The job is babysitting the agents now

I haven’t written a feature from scratch in a while. I write prompts, I review diffs, I approve or reject what gets staged. Sometimes I steer mid-run. The ratio of code I authored to code I supervised is somewhere around one to eight at this point, and the number is only moving in one direction.

This is fine. The productivity is real. I’m not complaining.

But something shifted in the job description that nobody’s quite named yet, and the name for it is babysitting.

what the day actually looks like

You spin up a Cursor parallel run on a ticket. You give it context, you point it at the relevant files, you set some guardrails in the system prompt because you’ve learned the hard way what happens when you don’t. Then you go do something else: review another branch, write up a spec, stare out the window. You come back and there’s a PR. It’s mostly right. There’s one thing that’s subtly wrong in a way that would have taken you twenty seconds to avoid if you’d written it, but you didn’t write it, and the agent didn’t know it had to avoid it, because the thing you’d have avoided is the kind of knowledge that lives in your head and not in any file the agent could read.

So you either catch it in review (which you did, this time) or it ships.

The new failure mode is “it shipped and I didn’t read the diff closely enough.” Nobody reads the code the agent wrote until it breaks. This is not a future problem. This is the current situation. I know this because I have been the person who didn’t read the diff closely enough.

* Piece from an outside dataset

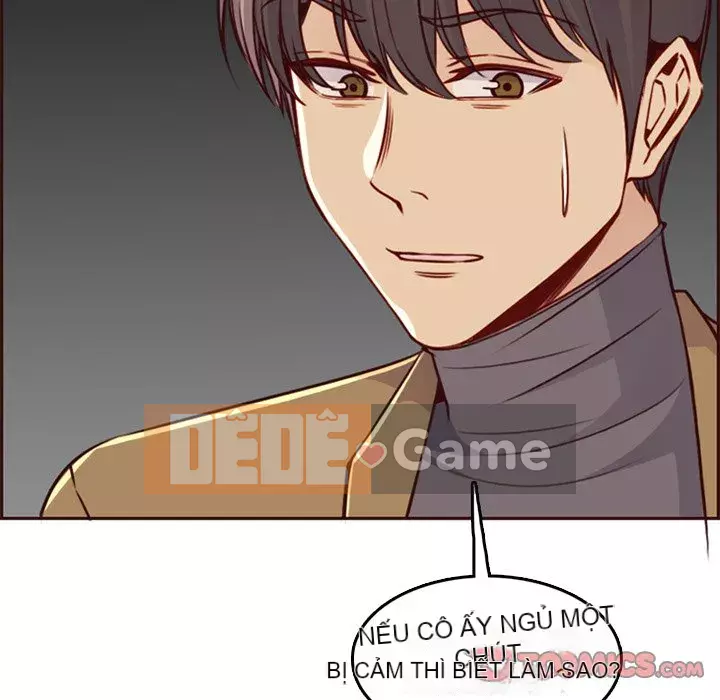 Mẹ tôi là sinh viên đại học Chương 78-79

the irreversibility problem

There’s a class of operation (deploys, migrations, onchain transactions, anything that moves money or modifies state you can’t roll back) where the correct policy is: the agent does not do this unattended. Full stop. You can give it the tools. You probably shouldn’t.

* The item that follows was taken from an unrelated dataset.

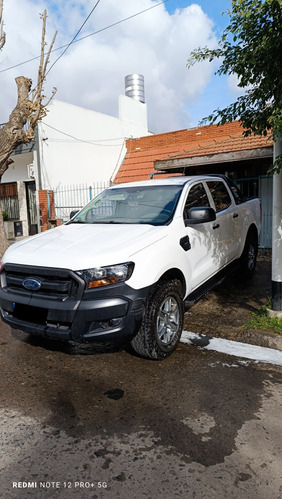 Ford Ranger 2.5 Cd Ivct Xl 166cv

I had to learn this by building an explicit layer of “human in the loop for anything irreversible” into every workflow that touches anything I care about. That layer is not automatic. The models don’t add it themselves. GPT-5.4 with native computer-use will execute whatever sequence of actions gets it to the goal, and if “deploy to prod” is part of the sequence and you haven’t explicitly blocked it, it’ll do that. Because you asked it to solve the problem. It solved the problem.

This is the “AI replaced the developer” story from up close: I’m here at 3am looking at a notification because something broke in prod, and the thing that shipped it was running fine, doing exactly what it was configured to do, while I was asleep.

The agent didn’t break prod. The configuration broke prod. The agent executed the configuration correctly.

The configuration was mine.

what changed and what didn’t

The part everyone gets right: the speed is real. Cursor parallel agents, Opus 4.6 running long multi-step tasks across a codebase, Codex spinning up in a sandbox and running its own tests. I can cover more surface in a day than I could in a week two years ago. That’s not exaggerated. The output multiplier is real.

The part people get wrong: the leverage makes you faster at building things, not faster at knowing what to build or faster at catching what went sideways. The bottleneck moved. It used to be writing the code. Now it’s reading the output, understanding it well enough to approve it, and noticing when the model did something technically correct but contextually wrong.

Half of “agent engineering” right now is just maintaining enough working memory of the system that you can evaluate what the agent shipped. You have to understand the codebase even though you didn’t write most of it. You have to read diffs in a domain you may not have touched in weeks. You have to notice the subtle wrong thing.

That’s a different skill than writing code. It’s closer to reviewing code written by a junior who is very fast and occasionally confident in exactly the wrong direction.

The junior analogy doesn’t fully hold because the agent has no ego and takes feedback without drama, which is honestly its best feature. But the supervision dynamic is real. You are responsible for what it ships. It doesn’t share that responsibility with you.

the posture that helps

I keep the agents on a short leash for anything stateful. Long leash for exploration, scaffolding, tests, documentation, first-draft features in a sandbox. Short leash the moment we’re anywhere near production data, keys, transactions, or a deploy pipeline.

I write more explicit system prompts than I used to. Not clever ones. Blunt ones. “Do not call any function that starts with send_ without asking first.” “If you are unsure whether to proceed, stop and surface the question.” Blunt works better than clever because the model actually follows blunt.

I read every diff before it merges. This sounds obvious. It is obvious. It’s also the thing that slips when you have twelve branches open and the model’s approval rate is high enough that you start treating review as a formality.

It’s not a formality. The one you skimmed is the one that’ll get you.

The productivity is real and so is the new failure mode. The speed gain is real and so is the babysitting. This is what AI-native development looks like right now, from inside it: you spend less time writing code and more time watching something write it, hoping your guardrails were tight enough and your review was careful enough and your “do not touch X” instructions were specific enough.

Most of the time they are.

The one time they aren’t is a long night.